Le quotidien britannique The Guardian a publié le 18 mai un article intitulé « Nous sommes ce dont nous nous souvenons, un plaidoyer juif pour le retour des réfugiés palestiniens ».

 L’article est signé par Peter Beinart, rédacteur en chef de la revue Jewish Currents. Celle-ci, fondée en 1946, se présente comme un magazine engagé dans la riche tradition de pensée, de militantisme et de culture de la gauche juive. Beinart est aussi professeur à la City University de New York.

 Le point de départ de l’article est la célébration par les Palestiniens, le 14 mai, de l’anniversaire de la Nakba, la catastrophe qui a vu fuir 700 000 personnes de leur pays lors de la fondation d’Israël en 1948. Une loi israélienne de 2011 interdit le financement public d’organisations qui commémorent la Nakba.

Se souvenir d’où l’on vient est constitutif de l’identité d’un peuple. La référence à la Shoah structure aujourd’hui le peuple juif. Le philosophe Isaiah Berlin soulignait aussi que ce peuple « a des souvenirs plus longs que les autres peuples ». La destruction du temple de Jérusalem et l’exil, événements qui se sont déroulés il y a 2500 ans et 2000 ans, sont vécus au temps présent.
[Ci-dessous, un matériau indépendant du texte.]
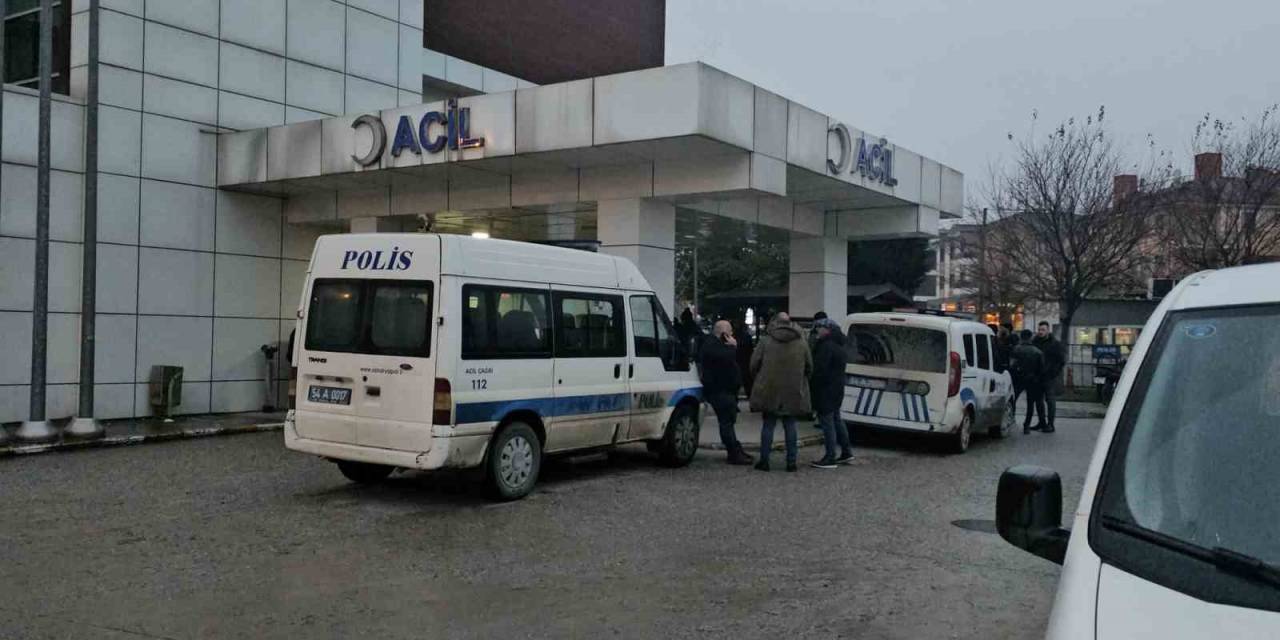 Sakarya’da Utv Kazası: 1 Ölü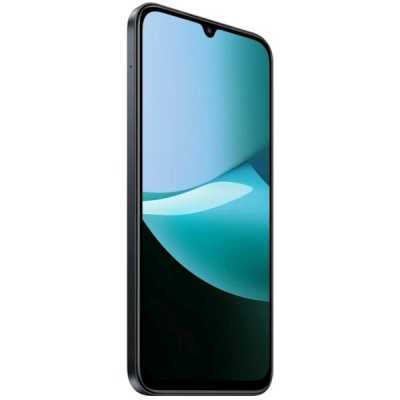смартфон Xiaomi Redmi 15C 4/128GB Black черный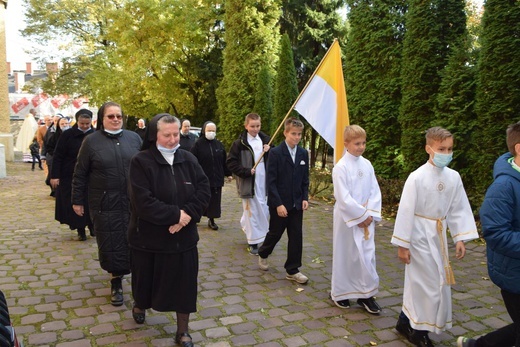 Rozpoczęcie synodu w Kościele bielsko-żywieckim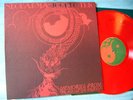 Neokarma Jooklo Trio LP red Qbico acid mothers temple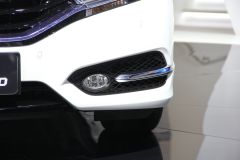 东风本田-思铂睿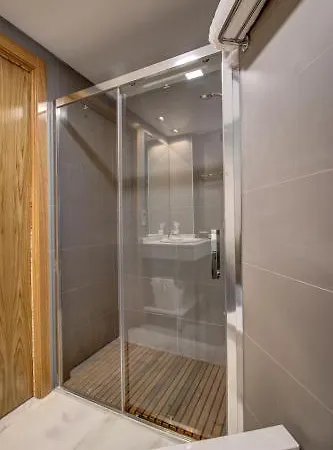 Apartment Monteras Centro Cordoba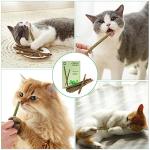 Silvervine Chew Sticks for Cats - 12 Pack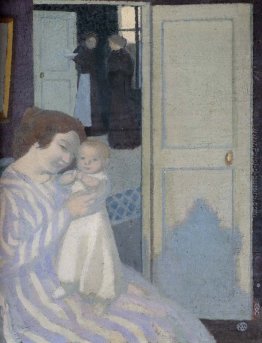 Mother And Child Mother And Child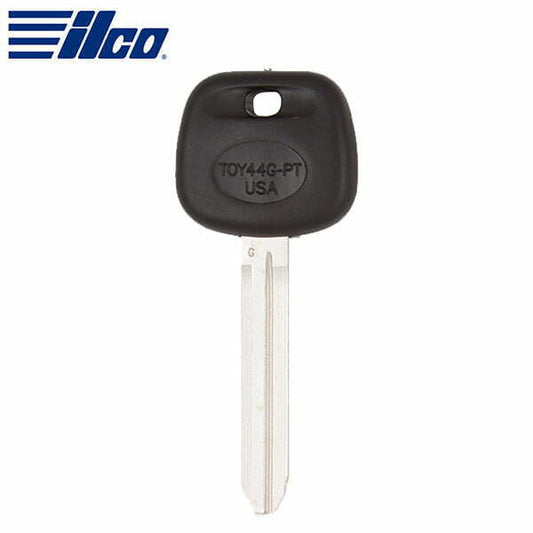 ILCO – 2009-2019 Toyota Transponder Key / G Chip / TOY44G-PT  IL-TOY44G-PT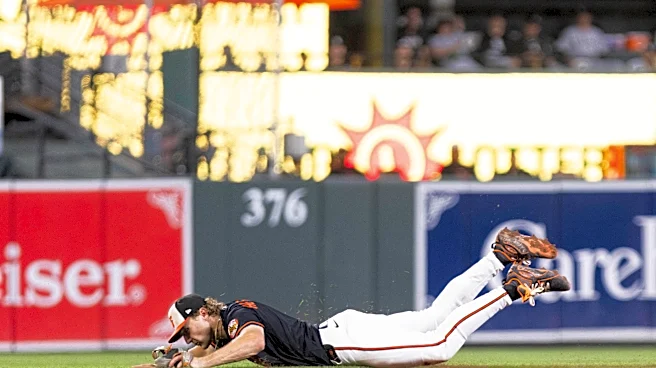 Orioles news: O’s continue downward spiral with fourth straight loss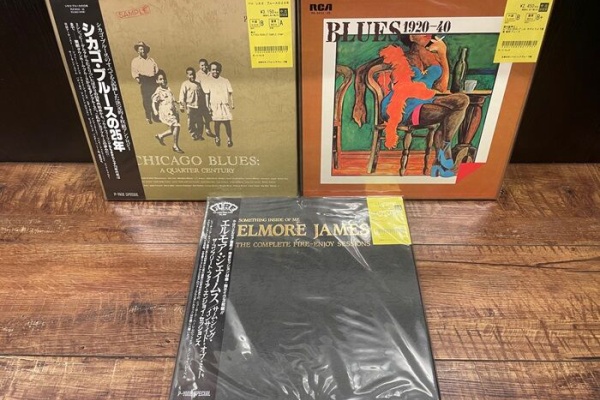 ディスクユニオン お茶の水ソウル/レアグルーヴ館 - 中古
 Le sionisme justifie le retour des Juifs à la « terre promise » par une histoire millénaire. Peter Beinart pose la question suivante : « pourquoi rêver d’un retour est-il louable pour les Juifs mais pathologique pour les Palestiniens ? » Ceux-ci sont soupçonnés d’avoir les yeux tournés vers le passé, incapables de se réconcilier avec lui.

 Dans son très long article, l’auteur rappelle ce qu’a été l’exil forcé des Palestiniens. Il estime qu’aucun « processus de paix » n’est possible si on continue à travestir ce passé, à passer sous silence les violences subies, à faire porter le chapeau aux victimes elles-mêmes.

 L’auteur cite le poète palestinien Mahmoud Darwich dans une interview avec un journaliste israélien : « vous n’avez jamais cessé de rêver. Mais votre rêve se situe plus loin dans le temps et dans l’espace. Je n’ai été exilé que pendant 50 ans. Mon rêve est vif, récent. »

 Le thème du retour des Palestiniens exilés est tabou en Israël. Pourtant, dit Beinart, ce serait dans l’intérêt des Israéliens eux-mêmes de comprendre pourquoi les Palestiniens ont dû quitter leur pays. Beaucoup ont peur de cette vérité. Ils croient qu’en polluant la mémoire, ils réduiront au silence ces Arabes qui partagent leur terre. Le courageux article de Peter Beinart tire un signal d’alarme : les conflits glissés sous le tapis finissent toujours par ressortir un jour dans un état de pourriture avancée.